== Data

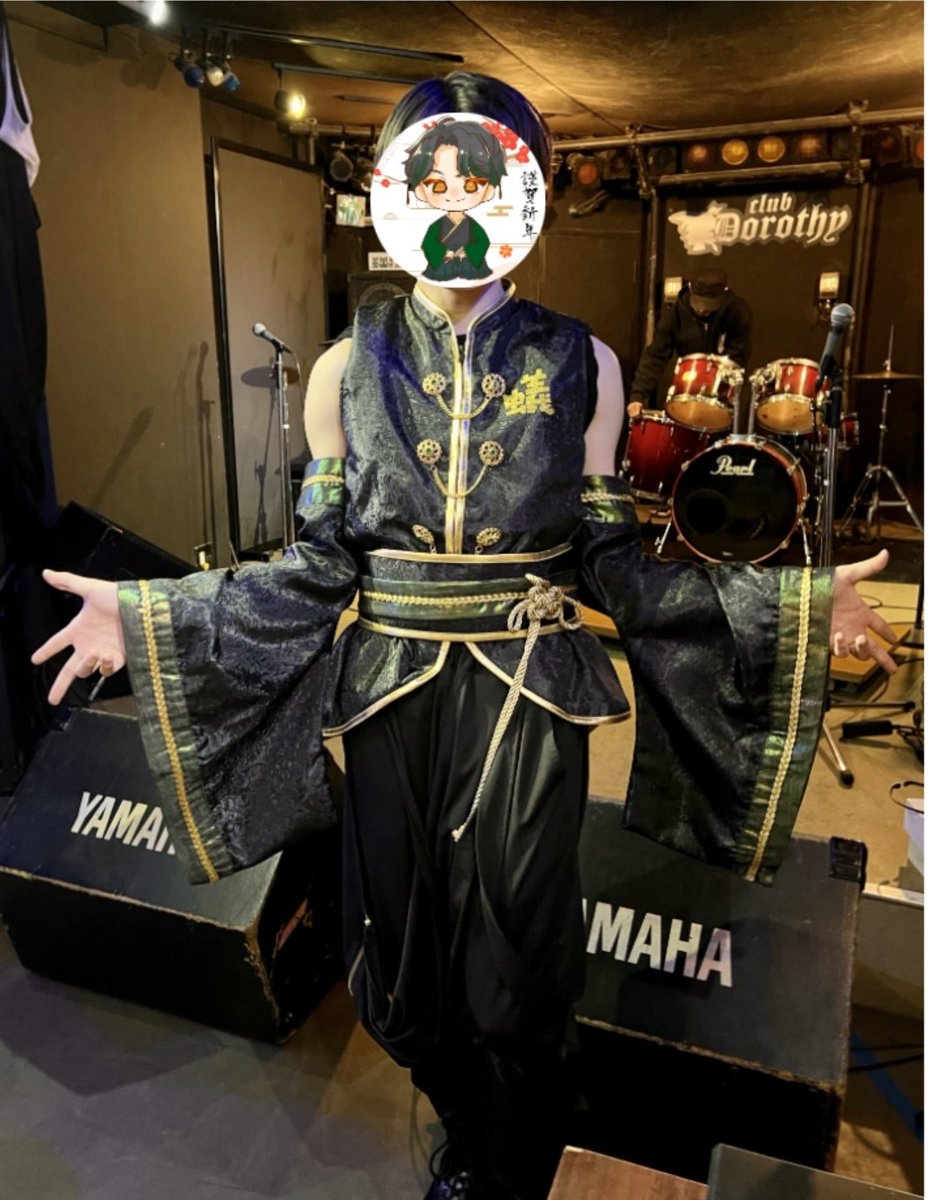 Vsingerkeruimu's tweet photo. #トリモチライブ
 #ケル祭り ←感想タグたち

みてみて〜新ライブ衣装✨
しるるたん @Shiruru_neko  がこの日のために作ってきてくれました😭😭😭😭
ありがとう！！すっごい好き♡♡♡

お気に入りポイント☝🏻 ̖́
🐜 袖のヒラヒラ!!これ2種類あるの
🐜 衣装の生地!!装飾
🐜 左胸の「蟻」 https://t.co/9HzHq42yP3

====

◆ Task goal:
Print the data above exactly; drop every picture.

◆ Answer for this exercise:
 Vsingerkeruimu's tweet photo. #トリモチライブ
 #ケル祭り ←感想タグたち

みてみて〜新ライブ衣装✨
しるるたん @Shiruru_neko  がこの日のために作ってきてくれました😭😭😭😭
ありがとう！！すっごい好き♡♡♡

お気に入りポイント☝🏻 ̖́
🐜 袖のヒラヒラ!!これ2種類あるの
🐜 衣装の生地!!装飾
🐜 左胸の「蟻」 https://t.co/9HzHq42yP3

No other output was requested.